In February, the FDA accepted adrabetadex, an investigational cyclodextrin therapy, for priority review in Niemann-Pick disease type C. The action positioned the agency to reach its decision by Aug. 17. That timeline was undone by Beren’s reply to the FDA’s request for updates and clarifications to existing data and supporting documentation, which the agency classed as a major amendment to the filing.
Needing time to review the updates and clarifications, the FDA has pushed the decision date back to Nov. 17. The three-month delay is the latest twist in a saga that dates back to the 2009 discovery that a cyclodextrin delayed clinical disease onset in mice.
The National Institutes of Health built on the finding and partnered the program with Vtesse, a biotech that launched in 2015 with $25 million and plans to power into a phase 2/3 trial. Vtesse began the trial that year and was acquired for $200 million upfront by Sucampo in 2017. Mallinckrodt agreed to acquire Sucampo for $1.2 billion later that year.

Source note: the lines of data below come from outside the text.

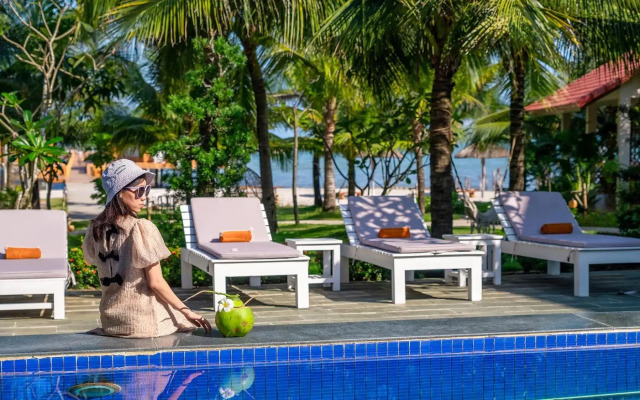 Naomi Resort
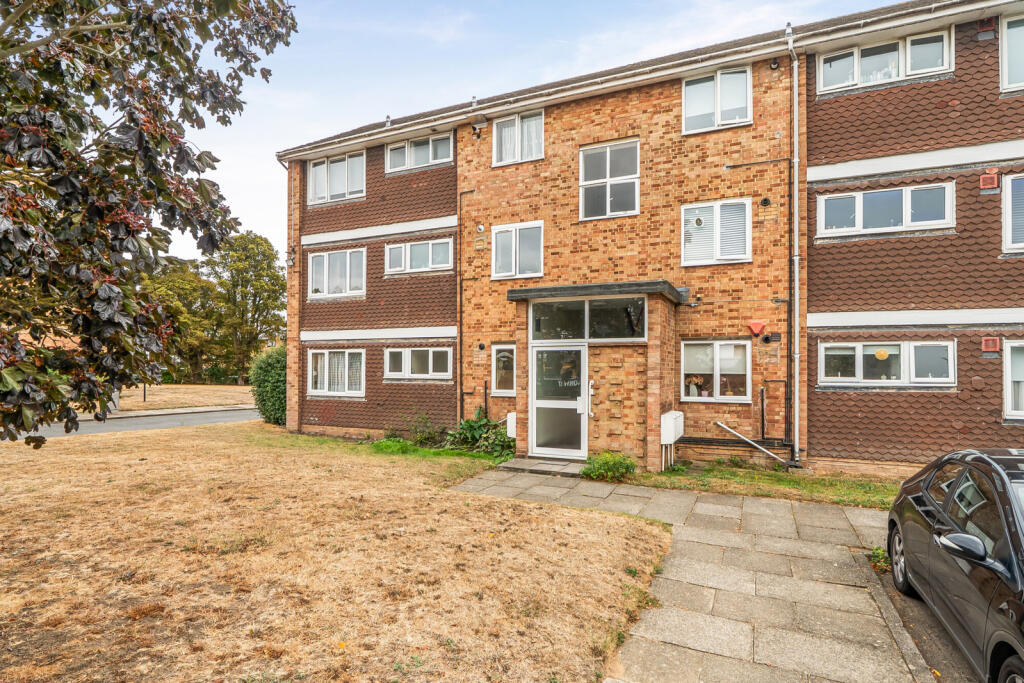 Main image of property: Woodington Close, London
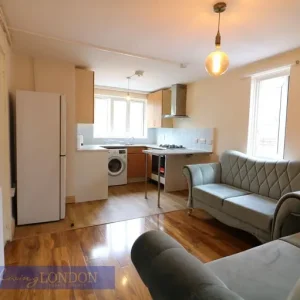 Two Bed Flat in Luton, Borough of Luton - Image 5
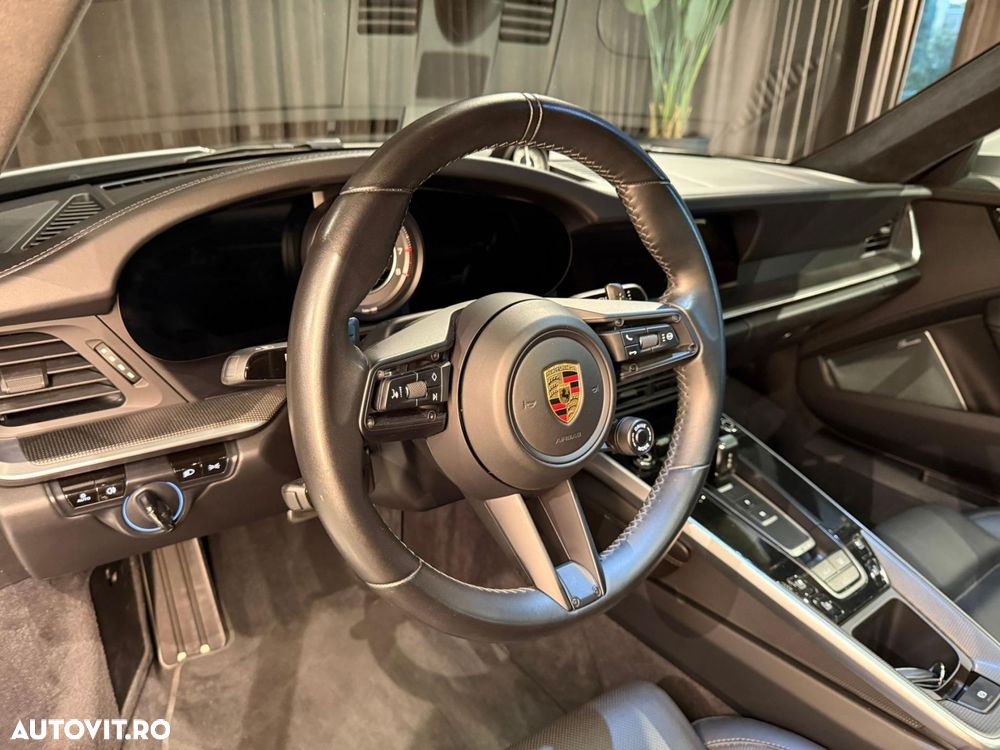 Porsche 911-TURBO-S - 17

Then the previously fast-moving program stalled, with the phase 2/3 trial failing in 2018. Mandos, a subsidiary of Beren, acquired the asset in 2021 as part of Mallinckrodt’s bankruptcy process. Beren worked to find a path to market, leading to a filing for FDA approval late last year.
The filing is based on evidence that adrabetadex improves survival. Beren generated (PDF) the evidence by comparing overall survival (OS) in patients who received the cyclodextrin in the phase 2/3 program to an external control arm. After five years, OS in the adrabetadex population was 84%, versus 42% in the control group.
Companies relying on external control arms have suffered regulatory setbacks in the past year. The FDA raised concerns about a natural history control arm in rejecting Regenxbio’s filing for approval of a gene therapy, and pushed back against uniQure’s plan to seek approval based on external control.